Commentary for the August 15, 2020 Sabbath School Lesson

 

"...let the one who has my word speak it faithfully. For what has straw to do with grain?" declares the Lord., "Is not my word like fire," declares the Lord, "and like a hammer that breaks a rock in pieces?" Jeremiah 23:28b-29, NIV

 

What is the word of God? If we look at it historically, it has meant different things to different people. In the very first chapter of the Bible we are familiar with, it seems to represent God's creative power. He spoke everything into existence in our world. By derivation then, his words are what brought about our own existence as well. Perhaps this is another perspective on the idea that God creates us in the womb.[i] We can see God as a chemist, bringing together building blocks of DNA to form exactly the person he intends, or we may see an initial creation sparking the flow of DNA through multitudinous channels like some Rube Goldberg device until it reaches a future incarnation as yet another human being is born. This latter perspective could certainly help to explain the anomalies in Christ's genealogy with its Canaanites, Moabites, adulterers, and murderers. But this might imply a fatalistic predestination for all of us wherein we are simply victims of our genetic heritage. While this may be true on some levels biologically, it brings into question the idea of intentional evil, for if we are predestined to be saved or lost, what is the point of any sort of subsequent effort to change all of that? This appears to demand an element of randomness, of choice, regarding our fate. This idea, too, may find support in Christ's genealogy if we allow that what is apparently random eventually reveals order.
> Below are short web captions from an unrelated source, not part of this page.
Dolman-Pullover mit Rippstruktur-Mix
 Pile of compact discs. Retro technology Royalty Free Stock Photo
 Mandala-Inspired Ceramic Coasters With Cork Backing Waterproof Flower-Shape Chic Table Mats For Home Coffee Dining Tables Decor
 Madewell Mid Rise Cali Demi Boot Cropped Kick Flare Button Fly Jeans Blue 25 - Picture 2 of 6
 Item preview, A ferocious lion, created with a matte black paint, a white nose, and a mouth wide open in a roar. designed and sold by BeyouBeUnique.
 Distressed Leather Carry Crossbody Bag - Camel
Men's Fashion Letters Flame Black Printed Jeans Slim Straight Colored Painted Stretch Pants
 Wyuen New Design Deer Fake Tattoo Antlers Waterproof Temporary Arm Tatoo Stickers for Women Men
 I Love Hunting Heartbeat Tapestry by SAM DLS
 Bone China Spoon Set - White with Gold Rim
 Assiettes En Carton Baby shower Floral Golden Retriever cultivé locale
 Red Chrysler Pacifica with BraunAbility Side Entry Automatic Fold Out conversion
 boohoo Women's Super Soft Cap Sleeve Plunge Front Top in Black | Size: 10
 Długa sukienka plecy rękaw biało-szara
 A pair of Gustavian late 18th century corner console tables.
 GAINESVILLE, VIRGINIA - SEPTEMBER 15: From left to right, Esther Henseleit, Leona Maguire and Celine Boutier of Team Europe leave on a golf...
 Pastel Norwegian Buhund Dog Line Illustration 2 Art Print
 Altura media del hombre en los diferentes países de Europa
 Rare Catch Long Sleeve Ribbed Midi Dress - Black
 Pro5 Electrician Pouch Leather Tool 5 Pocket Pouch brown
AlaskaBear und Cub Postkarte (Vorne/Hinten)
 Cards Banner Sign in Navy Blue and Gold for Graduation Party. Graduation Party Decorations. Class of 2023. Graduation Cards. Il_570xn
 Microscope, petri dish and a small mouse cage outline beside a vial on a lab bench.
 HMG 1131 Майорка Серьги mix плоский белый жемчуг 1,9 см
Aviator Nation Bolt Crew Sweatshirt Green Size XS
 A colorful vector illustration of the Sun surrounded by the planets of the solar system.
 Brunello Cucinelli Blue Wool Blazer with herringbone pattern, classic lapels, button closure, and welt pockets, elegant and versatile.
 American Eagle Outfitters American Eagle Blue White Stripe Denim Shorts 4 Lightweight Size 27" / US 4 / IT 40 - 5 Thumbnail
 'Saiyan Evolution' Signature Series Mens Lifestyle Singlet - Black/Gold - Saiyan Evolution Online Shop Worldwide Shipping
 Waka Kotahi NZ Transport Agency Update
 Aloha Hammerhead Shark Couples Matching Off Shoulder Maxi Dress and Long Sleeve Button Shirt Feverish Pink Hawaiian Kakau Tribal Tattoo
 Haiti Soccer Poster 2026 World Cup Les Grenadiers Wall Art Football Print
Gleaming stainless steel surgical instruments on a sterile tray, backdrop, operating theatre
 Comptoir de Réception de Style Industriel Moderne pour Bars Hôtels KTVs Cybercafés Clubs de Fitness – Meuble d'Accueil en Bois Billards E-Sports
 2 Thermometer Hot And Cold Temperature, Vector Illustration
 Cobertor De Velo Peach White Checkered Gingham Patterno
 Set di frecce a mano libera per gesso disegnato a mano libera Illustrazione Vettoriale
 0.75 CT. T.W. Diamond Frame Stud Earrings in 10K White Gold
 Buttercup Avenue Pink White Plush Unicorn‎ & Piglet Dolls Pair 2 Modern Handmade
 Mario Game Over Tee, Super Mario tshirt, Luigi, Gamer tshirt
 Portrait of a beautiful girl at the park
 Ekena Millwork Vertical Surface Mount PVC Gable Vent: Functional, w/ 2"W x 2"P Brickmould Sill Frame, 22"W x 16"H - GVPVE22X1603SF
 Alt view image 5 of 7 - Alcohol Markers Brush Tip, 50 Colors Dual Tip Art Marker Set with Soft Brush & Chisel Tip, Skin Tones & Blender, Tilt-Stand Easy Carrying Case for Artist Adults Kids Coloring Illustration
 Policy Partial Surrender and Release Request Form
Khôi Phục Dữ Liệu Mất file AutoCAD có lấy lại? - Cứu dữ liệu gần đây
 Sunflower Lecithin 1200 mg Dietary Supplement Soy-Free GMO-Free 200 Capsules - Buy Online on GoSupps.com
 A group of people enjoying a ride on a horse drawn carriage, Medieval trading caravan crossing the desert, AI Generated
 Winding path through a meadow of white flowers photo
This is what Chaos Theory postulates. So, if there is intrinsic order to everything, despite what appears to be almost limitless variation, perhaps the framework for that ordered edifice may be found in the creative word of God.

 

When we look at grapevines growing with leaves in wild profusion, the verdure is impressive and demands our admiration, but if we sweep aside some of those marvelous leaves, we can see the sturdy arbor holding the vine with its leaves and eventually heavy clusters of sweet grapes. The hidden order sustaining the vine serves its purpose even when it is not immediately visible. God's word often engages us similarly. As children we grow into adults and are shaped by a moral framework intended to help us grow and be fruitful, a blessing to the world, just like that grapevine. Paul, in his letter to the Roman church, went so far as to say that we are all branches on that grapevine, some natural to the vine and some grafted on.[ii] The same creative word sustains us all. As we bear fruit and seed in the fruit, we make continuation possible, carrying in that seed the creative power of that original word spoken so very long ago.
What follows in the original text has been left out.